The Labs were pretty instructive and detailed, I will repeat the course for sure to practice and further interiorize what I've learn.
By Gavin K
•Mar 6, 2023
Nice module! Harder than the previous course, but as long as you follow everything carefully and keep good notes, it's manageable. Very helpful labs with more complex subject matter e.g. Arrays, nested and repeated data and working with JSON files. I'm looking forward to the next module now, Building Batch Data Pipelines on Google Cloud.
By Aniruddha S
•May 16, 2020
Topics are very informative and helpful. The only thing I felt is lab time for the bigquery lab where i had to practice struc, arrays etc. was too short. I understand there are several attempts, but it could have been better to get 30mins more in a single attempt as it completes the flow and helps to understand it completely.
By Thales A
•Mar 1, 2024
Lots of useful labs and examples. Lacks references to documentation, but that is secondary.
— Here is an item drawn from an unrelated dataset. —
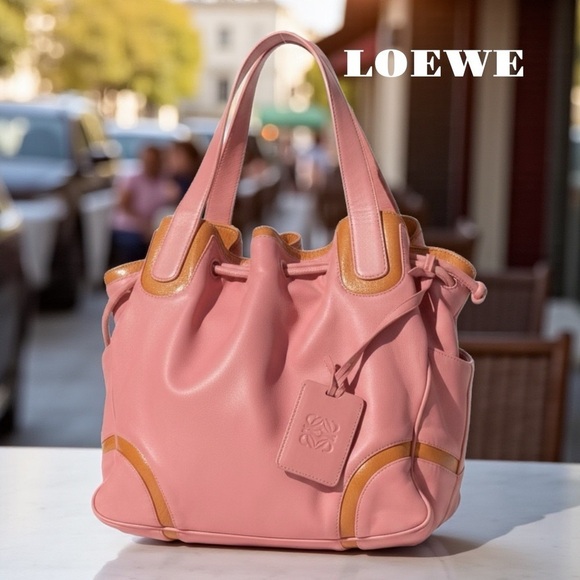 Loewe Handbags - LOEWE ANAGRAM AUTHENTIC PINK SOFT LEATHER DRAW STRING SHOULDER HANDBAG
The course is mostly produced by AI (probably to cut costs) which is not the best approach in my humble opinion, but at the same time there are a lot of other courses like this as well nowadays.
By Miguel F A S C
•Nov 11, 2020
A diferencia el curso anterior, este trae más ejemplos de como utilizar las herramientas, te da más idea de como podrás poner en práctica lo que estás aprendiendo. A que orientarte una vez terminado el curso, para poder usar los conocimientos o seguir con el siguiente curso.